The below architecture is one of several approaches in deploying Dataproc with Kerberos. In this architecture, we leverage Dataproc’s Security Configuration for creating an on-cluster KDC and managing the cluster’s service principals and keytabs as is required for Kerberizing a Hadoop cluster.

With this architecture, Dataproc clusters must establish trust to ensure authenticated users can run jobs on the analytics clusters as well as access the central Hive metastore. One way trust configured across the Kerberos realms permits authenticated users seamless access to Hadoop services required. The three key components with cross-realm trust include:

Corporate directory service (Active Directory, MIT KDC, FreeIPA)

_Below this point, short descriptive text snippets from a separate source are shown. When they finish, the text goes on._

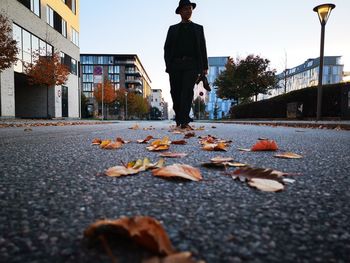 Man walking on leaves in city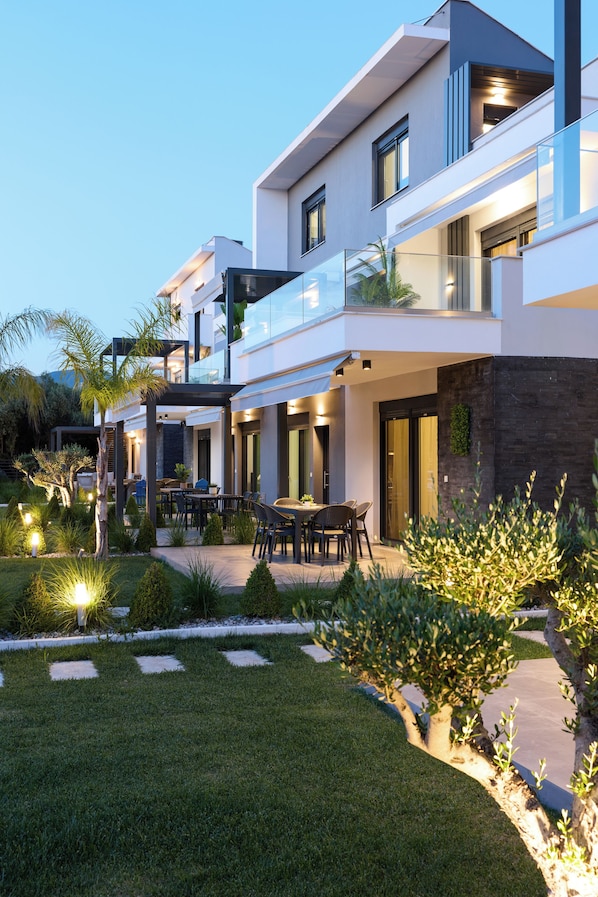 A modern multi-story residential building with a well-maintained garden and outdoor seating area. - Athina Residential Complex (Paralia Ofriniou)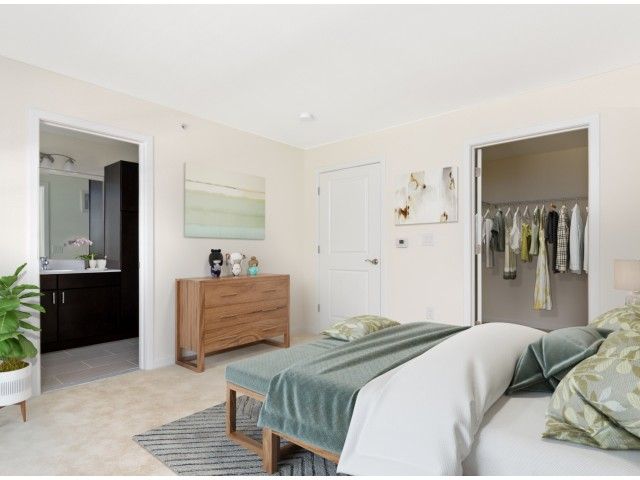 Gradient apartment bedroom with an in-unit bathroom and a walk-in closet.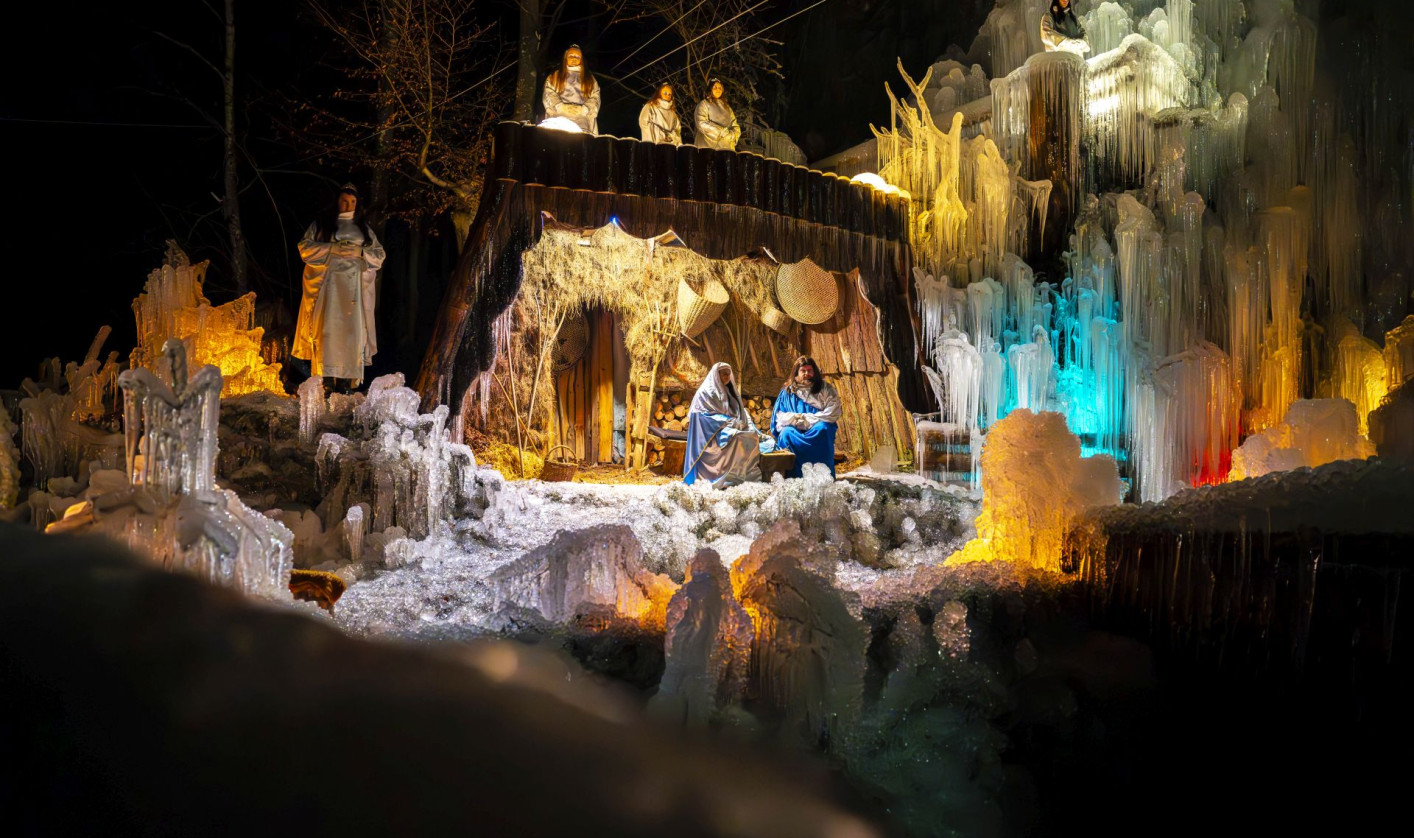 Outdoor performance of a live nativity scene on an icy stage. Actors dressed as Mary, Joseph, angels, shepherds, and the Three Wise Men stand in formation, illuminated by warm lights. Frozen structures frame the scene as the audience watches.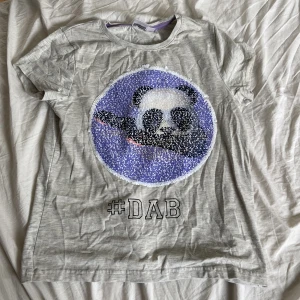 Grå t-shirt med panda #DAB från emoji - Säljer en grå t-shirt från emoji med en cool panda som dabbar på framsidan. T-shirten har korta ärmar och är gjord av mjukt bomullsmaterial. Perfekt för vardagsbruk eller för att visa upp din dab-skills! 🐼✨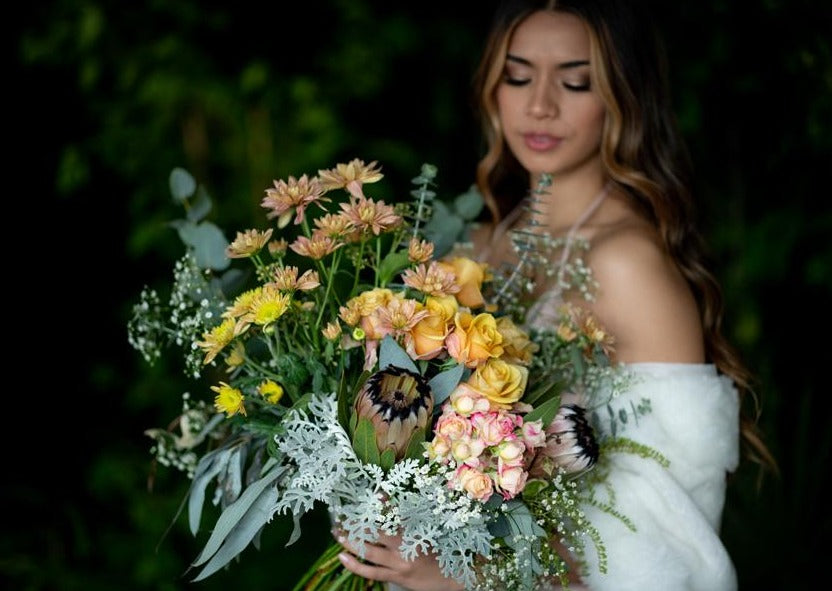 Model with Honey Orange "Unconditional Love" bouquet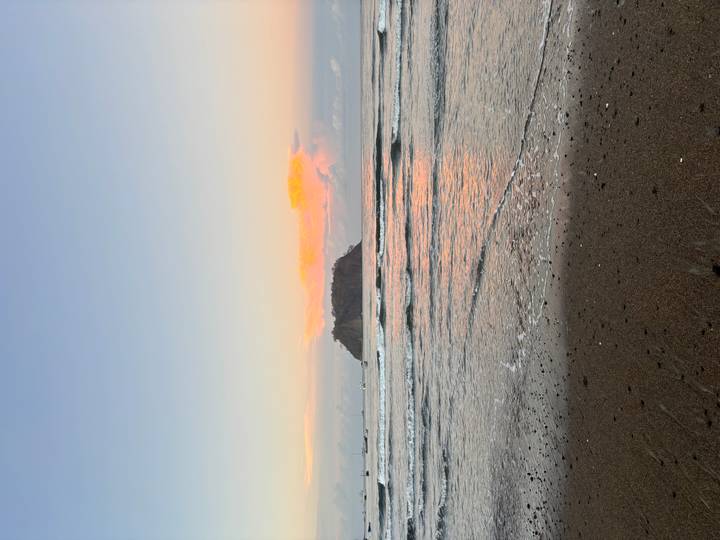 Island silhouette under pastel sunset skies reflected on calm coastal waters from a sandy shoreline.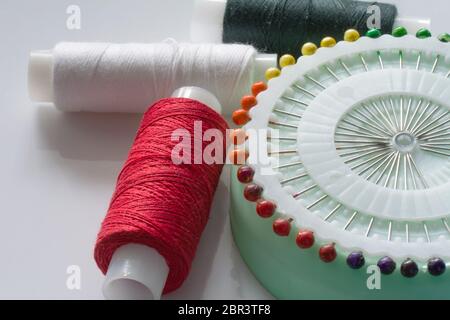 Sewing tools and kit on a white background. Accessories and equipment for needlework. Close up view Stock Photo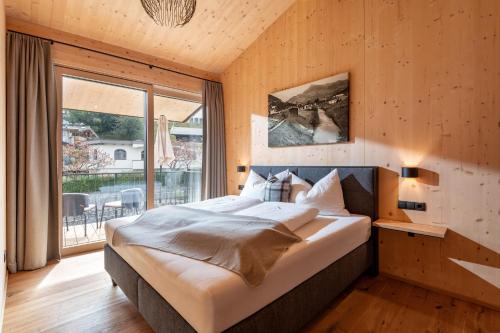 Postel nebo postele na pokoji v ubytování Schwaigermühle Apartments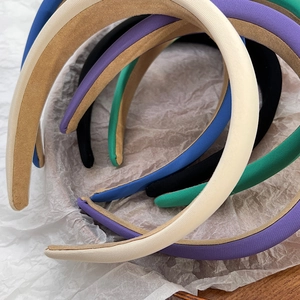 Detailed top view of padded sponge headbands in multiple retro colors on fabric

  • Single Master Dataproc cluster with a KDC for managing accounts for users & teams

Analytics Dataproc clusters

  • Cluster(s) for users to execute Spark, MapReduce, Hive/Beeline, Presto, etc.
  • One-way trust with corporate domain to verify end users

Hive Metastore Dataproc cluster

  • Central metastore for databases and tables
  • One-way trust with corporate domain to verify end user access to metastore
  • One-way trust with analytics clusters domain to verify HiveServer2 service principal for HiveServer2 impersonation

Deployment

The kerberized_data_lake git repository provides deployment using terragrunt/terraform for the Kerberos architecture described above. The deployment requires multiple GCP products including Dataproc, Cloud KMS, Cloud Storage, VPC and can be deployed in a sandbox environment to review all components and services used.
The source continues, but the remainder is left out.